Ring: l’app ufficiale e i tracker di terze parti
Stando a quanto svela la Electronic Frontier Foundation, l’applicazione ufficiale di Ring per Android (versione 3.21.1) invia informazioni personali a tracker di terze parti. Il traffico è destinato a Branch (branch.io), MixPanel (mixpanel.com), AppsFlyer (appsflyer.com) e Facebook (facebook.com). Di questi, solo uno (MixPanel) è citato sul sito ufficiale del produttore. La finalità è quasi certamente quella della profilazione a scopo di marketing e advertising.

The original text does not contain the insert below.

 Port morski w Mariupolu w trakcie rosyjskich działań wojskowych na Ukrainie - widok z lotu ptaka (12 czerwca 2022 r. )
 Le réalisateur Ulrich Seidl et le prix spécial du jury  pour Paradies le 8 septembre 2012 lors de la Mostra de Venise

Questi i dati ricevuti da ognuna delle realtà elencate.
- Branch: codici identificativi di utente e dispositivo, indirizzo IP;
- MixPanel: nome completo dell’utente, indirizzo email, modello del dispositivo e versione del sistema operativo, stato di attivazione del modulo Bluetooth, numero dei luoghi in cui sono stati installati device Ring connessi all’account;
- AppsFlyer: dettagli su apertura dell’app e accesso alla sezione Neighbors, operatore mobile, data di installazione, primo utilizzo ed eventuale altra applicazione da cui è partito il download, codici identificativi vari, conferma del fatto che il tracker fosse preinstallato all’acquisto del dispositivo, informazioni registrate da sensori come magnetometro, giroscopio e accelerometro, impostazioni di calibrazione.
- Facebook: dettagli su apertura dell’app e su eventuale disattivazione in seguito al blocco dello schermo per inattività, area geografica, modello del dispositivo, preferenze in merito alla lingua, risoluzione dello schermo e codice identificativo.

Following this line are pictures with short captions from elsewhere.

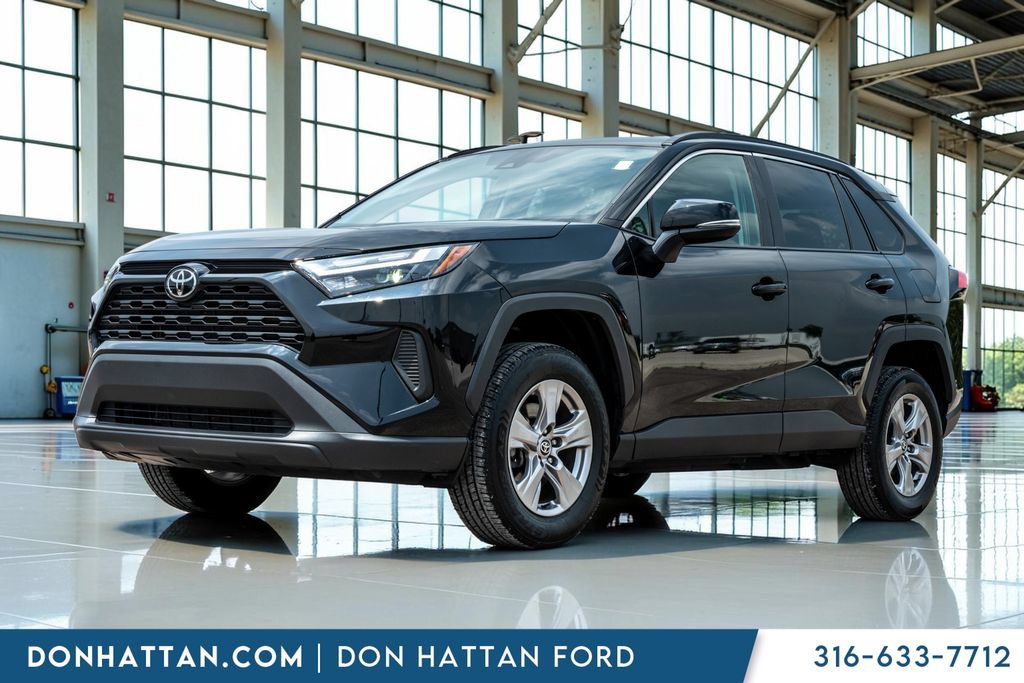 Used 2024 Toyota RAV4 XLE FWD image 1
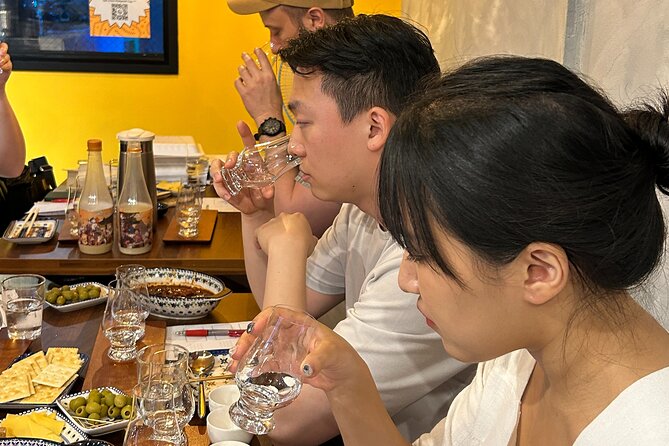 Traditional Soju Class and Makgeolli Tasting in Seoul - Starting with fresh makgeolli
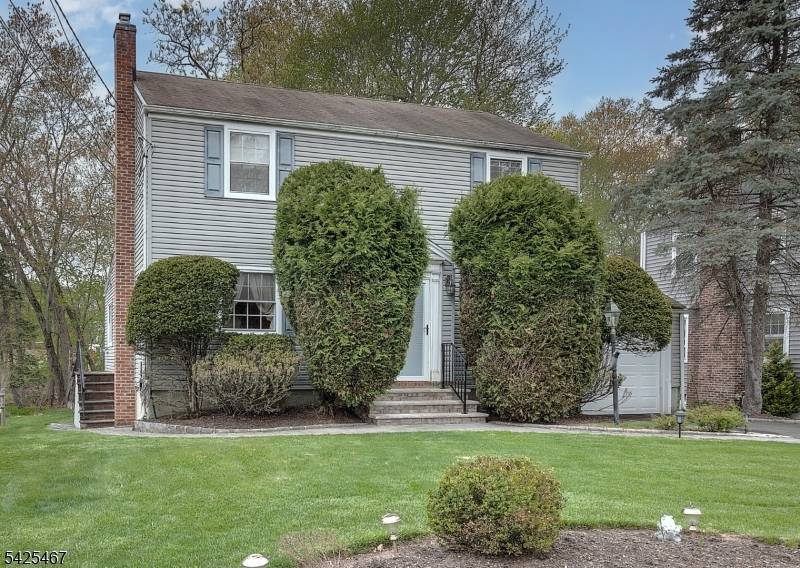 27 Longacre Dr, Livingston Twp., NJ 07039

Secondo EFF, l’applicazione invia informazioni anche a Crashalytics, servizio gestito da Google per l’analisi dei log generati da interruzioni impreviste del software, ma al momento non è dato a sapere con esattezza a quale scopo.

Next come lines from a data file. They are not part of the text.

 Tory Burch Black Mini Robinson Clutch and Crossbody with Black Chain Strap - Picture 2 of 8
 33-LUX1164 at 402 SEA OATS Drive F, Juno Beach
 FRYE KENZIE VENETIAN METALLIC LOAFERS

Anche in questo caso, come ormai accade purtroppo sempre più spesso, ciò che fa scattare l’allarme è in primis il fatto che la condivisione dei dati con le terze parti avvenga senza un adeguato livello di trasparenza ovvero talvolta senza nemmeno che l’utente se ne accorga. Bisogna inoltre considerare che, a differenza di quanto accade ad esempio con gli antivirus Avast ritenuti responsabili di un comportamento simile, in questo caso non si tratta di prodotti gratuiti, ma che all’atto dell’acquisto richiedono una spesa consistente. Nel momento in cui viene scritto e pubblicato questo articolo dalla sussidiaria di Amazon non sono giunte dichiarazioni in merito.